What you should do: Could you set down exactly the lines of the data below, starting at the one that holds "VOLKSWAGEN PASSAT 2011/9 - 2" and ending at the one that holds "Bradley Mini Bag", both included, and only those?

Records for processing:
++++++++++

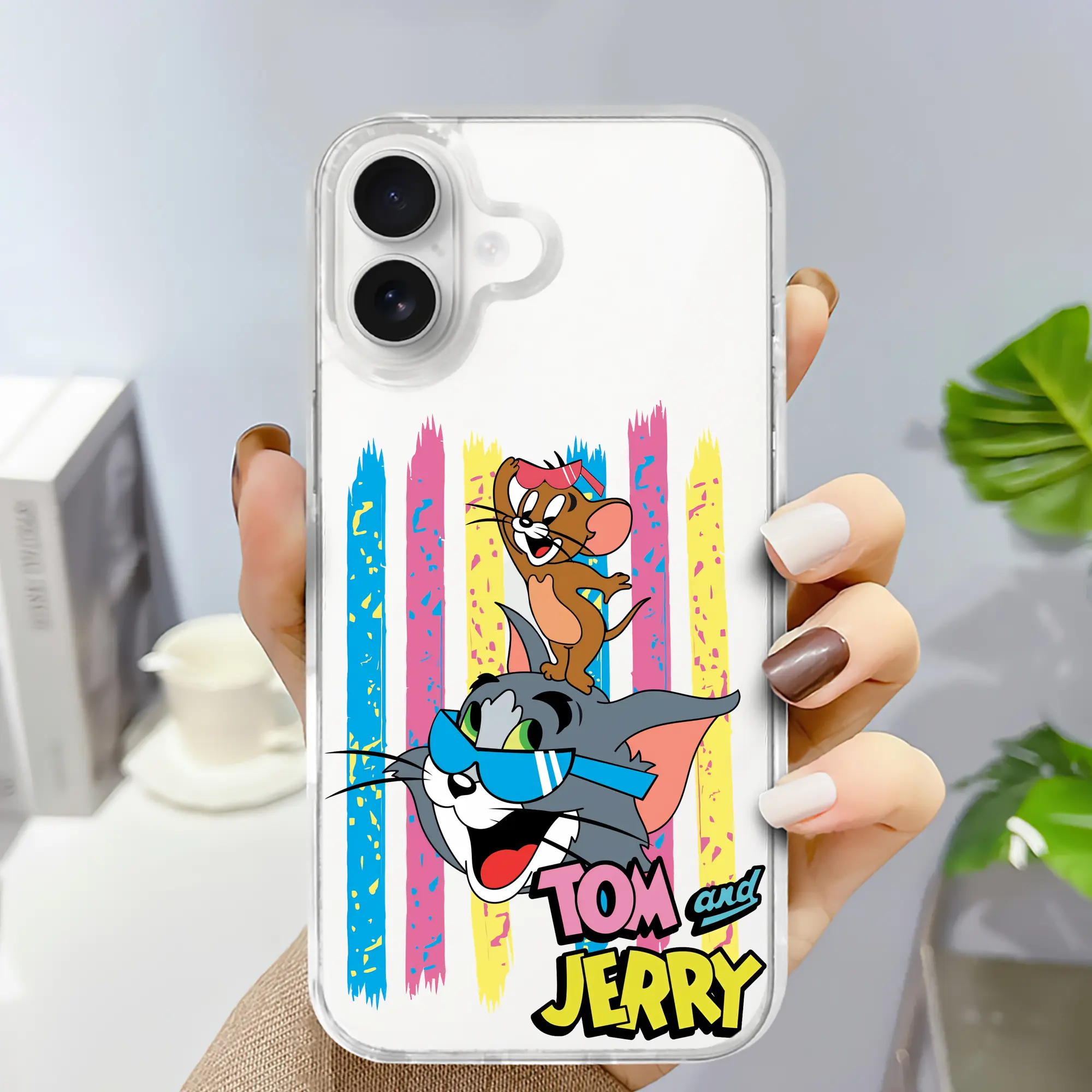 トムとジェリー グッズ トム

++++++++++

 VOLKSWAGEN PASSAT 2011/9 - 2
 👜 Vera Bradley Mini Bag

++++++++++

Output of the task:
 VOLKSWAGEN PASSAT 2011/9 - 2
 👜 Vera Bradley Mini Bag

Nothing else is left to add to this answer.